__Entries provided__:
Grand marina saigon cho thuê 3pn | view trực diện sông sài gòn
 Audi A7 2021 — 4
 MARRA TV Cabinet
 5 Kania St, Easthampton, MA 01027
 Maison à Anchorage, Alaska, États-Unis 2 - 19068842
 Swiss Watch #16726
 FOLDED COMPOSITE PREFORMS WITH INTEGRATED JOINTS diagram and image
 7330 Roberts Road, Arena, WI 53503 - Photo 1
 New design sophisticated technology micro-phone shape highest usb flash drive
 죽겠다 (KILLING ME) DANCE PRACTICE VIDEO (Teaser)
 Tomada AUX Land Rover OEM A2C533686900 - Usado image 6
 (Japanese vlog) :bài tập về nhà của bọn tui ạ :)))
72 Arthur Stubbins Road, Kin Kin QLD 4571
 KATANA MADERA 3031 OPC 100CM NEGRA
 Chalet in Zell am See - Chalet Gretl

__Instructions to follow__: Every single line of the data above must be set down again exactly.

__Result__:
Grand marina saigon cho thuê 3pn | view trực diện sông sài gòn
 Audi A7 2021 — 4
 MARRA TV Cabinet
 5 Kania St, Easthampton, MA 01027
 Maison à Anchorage, Alaska, États-Unis 2 - 19068842
 Swiss Watch #16726
 FOLDED COMPOSITE PREFORMS WITH INTEGRATED JOINTS diagram and image
 7330 Roberts Road, Arena, WI 53503 - Photo 1
 New design sophisticated technology micro-phone shape highest usb flash drive
 죽겠다 (KILLING ME) DANCE PRACTICE VIDEO (Teaser)
 Tomada AUX Land Rover OEM A2C533686900 - Usado image 6
 (Japanese vlog) :bài tập về nhà của bọn tui ạ :)))
72 Arthur Stubbins Road, Kin Kin QLD 4571
 KATANA MADERA 3031 OPC 100CM NEGRA
 Chalet in Zell am See - Chalet Gretl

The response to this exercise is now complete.